SiameseFC PyTorch implementation

Introduction

This project is the Pytorch implementation of the object tracker presented in
Fully-Convolutional Siamese Networks for Object Tracking,
also available at their project page.
The original version was written in matlab with the MatConvNet framework, available
here (trainining and tracking), but this
python version is adapted from the TensorFlow portability (tracking only),
available here.

Organization

The project is divided into three major parts: Training, Tracking and a Visualization Application.

Training

The main focus of this work, the Training part deals with the training of the Siamese Network in order to learn a similarity metric between patches, as
described in the paper.

The **Siamese Network** passes both images through
the embedding network and then does the correlation between the embeddings, as shown below.

The peak of the **correlation map** is supposed to be
located at the center of the map (because the images are both centered in the target).

Here we overlay the correlation map with the search image, the peak value indicates the estimated center position of the target.

Results - Training

The only training metric comparable between different parameters and implementations is the average center error (or center displacement).

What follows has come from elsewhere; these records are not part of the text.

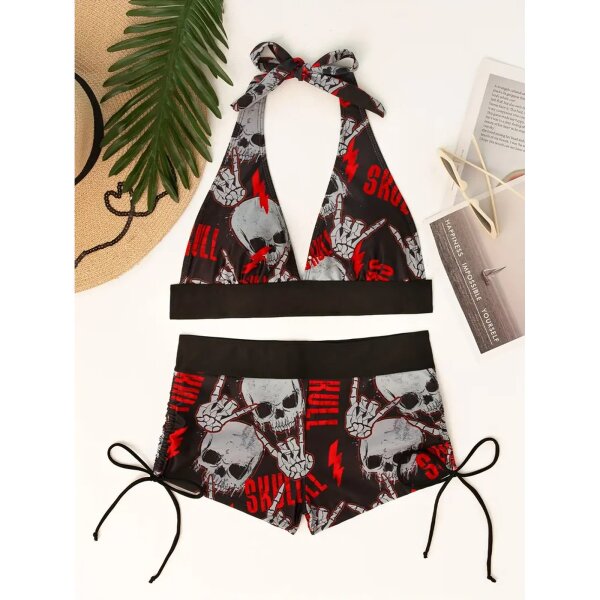 ROCK-HUS Bikini Heavy Skulls Rot Schwarz Grau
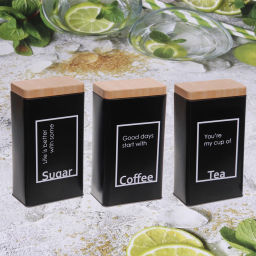 Цена за 2 шт. Банка для продуктов металлическая "Black style" 800мл 9*6*16см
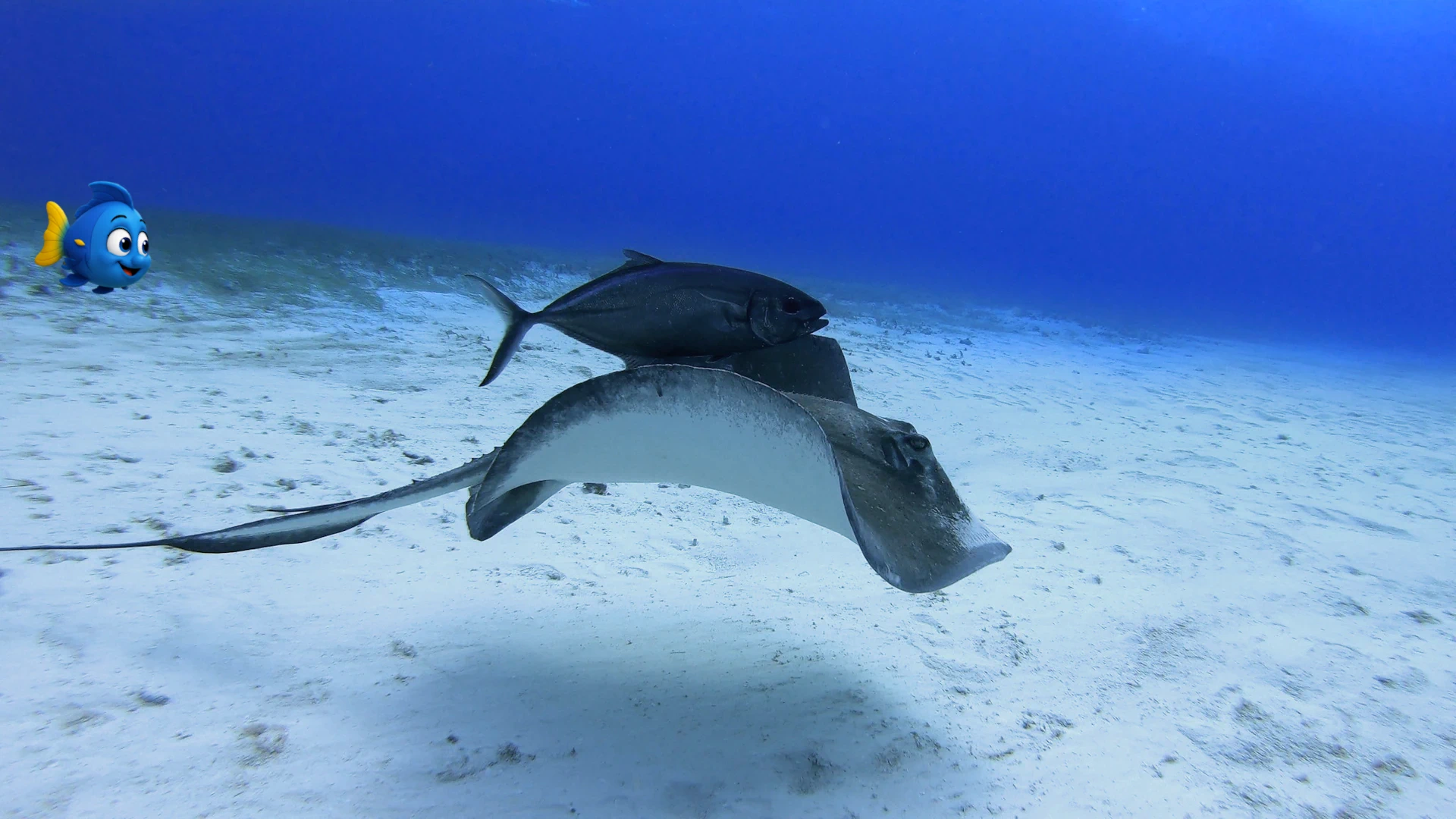 A stingray gliding over the sandy seafloor with another fish swimming closely above it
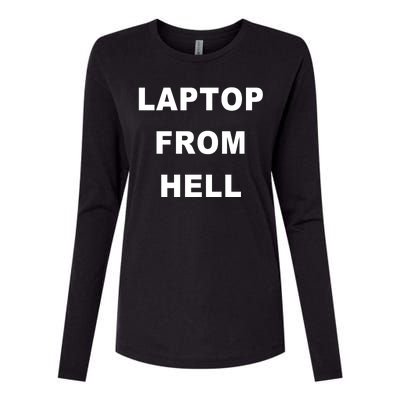 Anti Biden Pro Trump Laptop From Hell Womens Cotton Relaxed Long Sleeve T-Shirt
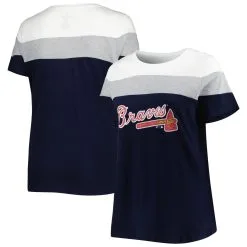 Profile Women's Atlanta Braves White/Navy Plus Size Colorblock T-Shirt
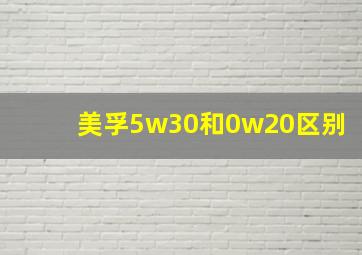 美孚5w30和0w20区别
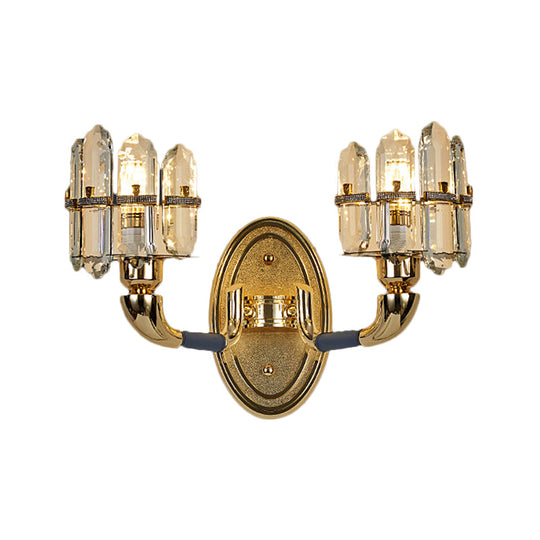 Arched Wall Mount Lamp: Postmodern Crystal Panel Bedside Lighting (Blue/Gold)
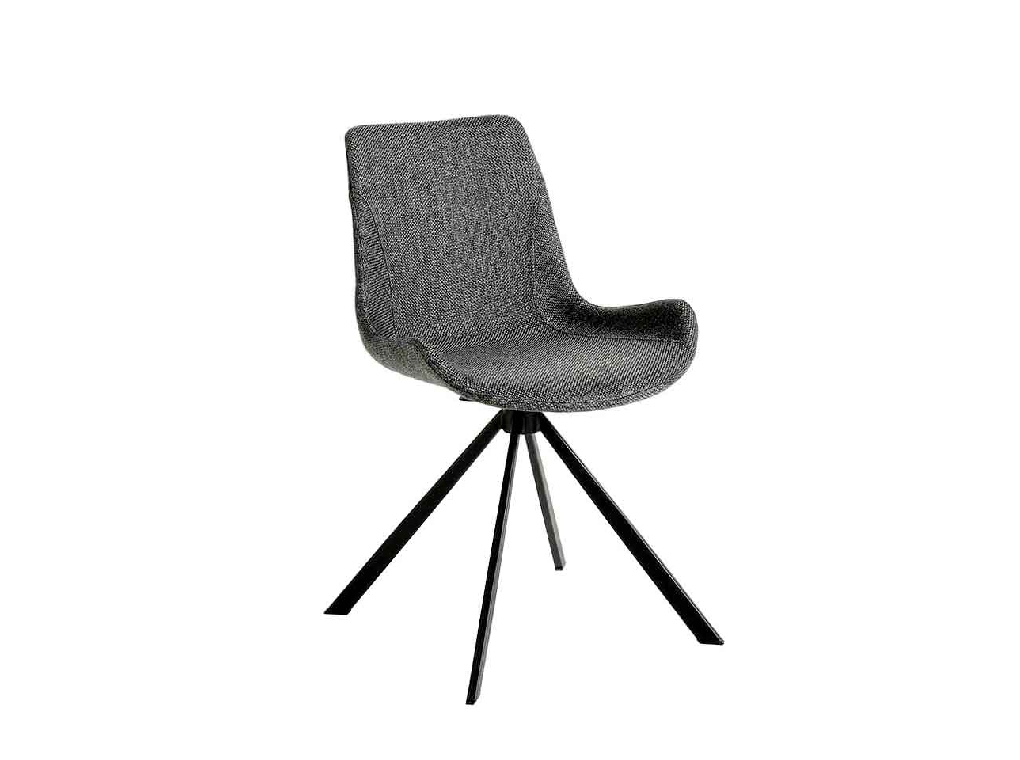 Swivel chair upholstered in fabric with black steel legs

The authors provide this metric in appendix B of their paper Learning feed-forward one-shot learners, which is 7.40 pixels for validation and 6.26 pixels for training.

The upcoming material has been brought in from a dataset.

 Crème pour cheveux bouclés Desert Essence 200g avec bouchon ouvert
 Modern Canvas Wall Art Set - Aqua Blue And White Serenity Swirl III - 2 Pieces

Our Baseline Results are shown below:

We are around 4 pixels behind the authors, which we hypothesize that is mainly due to:

The lack of a bicubic upscaling layer on the correlation map, which effectively causes our correlation map to have a resolution 4 times lower than the original image (due to the network’s stride).
The lack of class normalization of the loss to deal with the unbalance between negative and positive elements on the correlation map label (way more negative than positive positions).

On the other hand, we are way less prone to overfitting, because we sample the pairs differently on each training epoch, as opposed to the authors, that choose all the pairs beforehand and use the same pairs on each training epoch.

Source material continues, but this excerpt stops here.